El tal Estelrich parecía estar ligeramente tocado por el viento de tramontana, la ventisca que arrasaba, regularmente, su comarca natal, el Empordá. Era un individuo especial por sus múltiples manías, su particular sentido del humor y sus solemnes excentricidades, que ahora no vienen al caso. Por si esto fuera poco, nuestro sirviente era un mitómano de mucho cuidado; admiraba, exageradamente, a personas famosas en muchos ámbitos de la vida, principalmente artistas y políticos. Tal era la admiración y la fascinación que les profesaba que, en sus ratos libres, les mandaba -a cada uno de sus preferidos- una caja de madera llena a rebosar de melocotones de su tierra. Así lo hizo con, para poner algunos ejemplos, afamados e ilustres personajes tales como Maurice Chevalier, Albert Einstein, Stanley Baldwin (primer ministro británico), Pablo Picasso, el rey Alfonso XIII y -en el colmo de su gesta- envió sus preciados melocotones al mismísimo Adolf Hitler, quien, como casi todos sus predecesores en las expediciones fruteras, le mandó acuse de recibo de su presente, con palabras de agradecimiento. Joan Estelrich solía mostrar, con mal disimulado orgullo, los certificados recibidos por parte de los implicados (o bien de sus jefes de gabinete) a todo aquel que le quería prestar atención.

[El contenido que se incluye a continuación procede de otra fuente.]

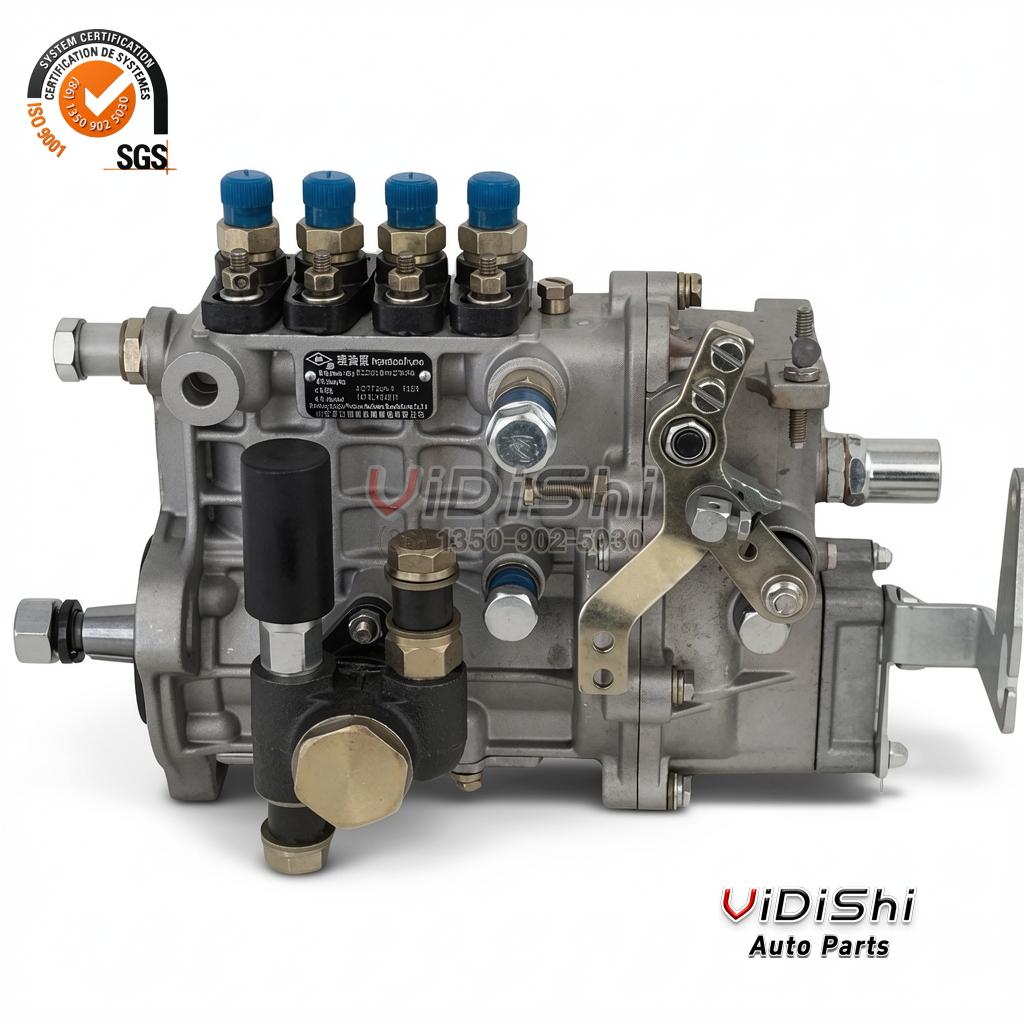 4QT72ZH1 BQ2000 pump from the drive end, data plate on the flank, four blue capped delivery valve holders on top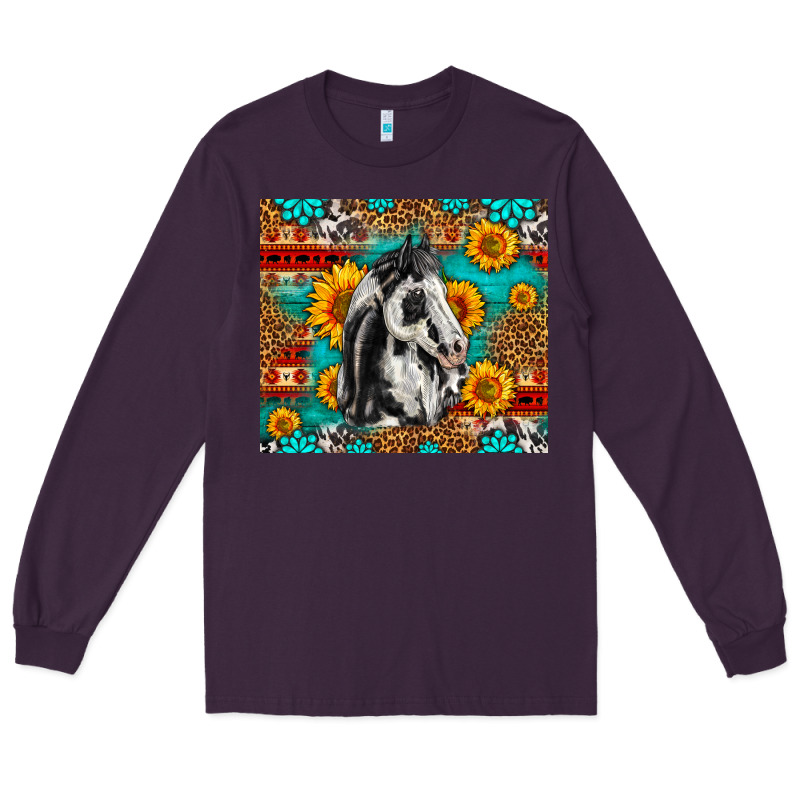 Aztec Sunflowers Horse Long Sleeve Tee by LillyAllenDesigns | Teevron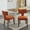 Orange, variant on Mid Century Modern Dining Chairs Set of 2, Farmhouse Linen Upholstered Accent Chairs with Curved Backrest and Copper Nails, Solid Hardwood Frame Kitchen Dining Seating in Orange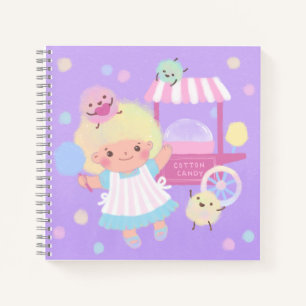 Cotton Candy Girl with Sweet Fluffy Monsters Notebook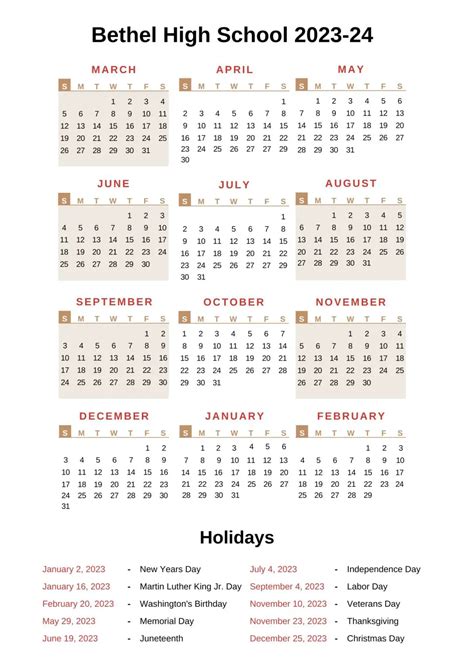 Bethel High School Calendar [BHS] 2023-24 With Holidays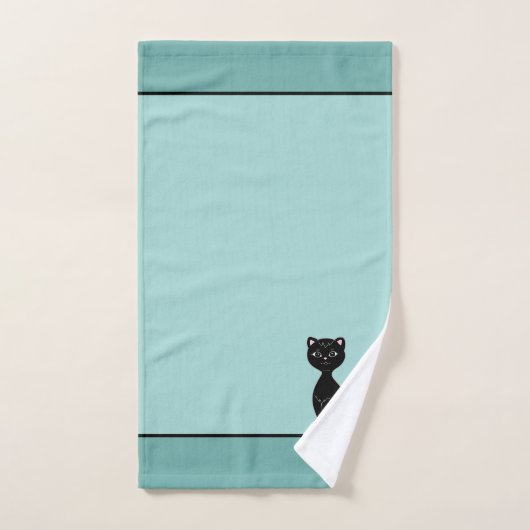 Schwarze Katze und Monogramm auf hellblauer Farbe Badhandtuch Set (Handtuch)
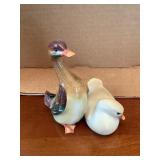 Herend Hungary duck pair figurine, 4"H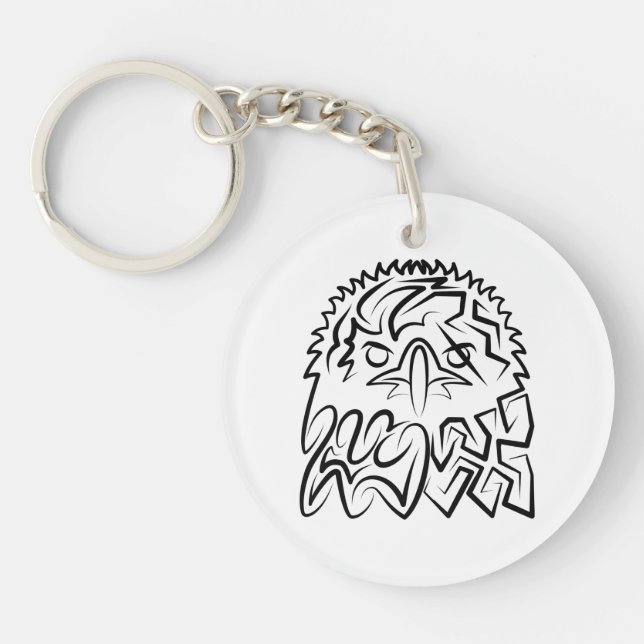 Black and White Tribal Eagle Key Ring (Front)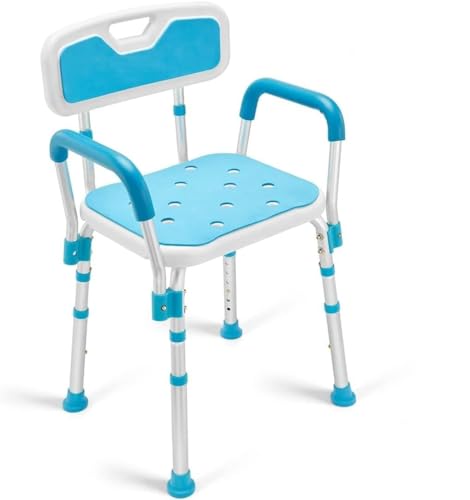 Health Line Massage Products Shower Chair with Back for Seniors, Bathtub Seat with Removable Arms for Handicap, Disabled & Elderly - Adjustable Shower Bench for Tubs (FSA or HSA Eligible)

Les he relatado esta, para mí, linda historia, porque estoy cavilando, seriamente, realizar un acto de parecida configuración, aunque centrándome en una sola persona. Me explico: no ejercito como católico no obstante pertenecer a la Organización, lo cual no es obstáculo para reconocer que me mola el Papa actual, el apodado Francisco (su verdadero nombre es Jorge Mario, como todo argentino que se precie). Me parece -cierto que mi opinión es muy superficial; con poca base- que es una persona sensata y prudente, que ya es mucho. Brevemente, me cae muy bien este dignatario y he decidido mandarle un obsequio en calidad de agasajo para mostrarle mi simpatía (y, de paso, ver si me contesta y puedo ir por ahí exhibiendo mi “trofeo” particular).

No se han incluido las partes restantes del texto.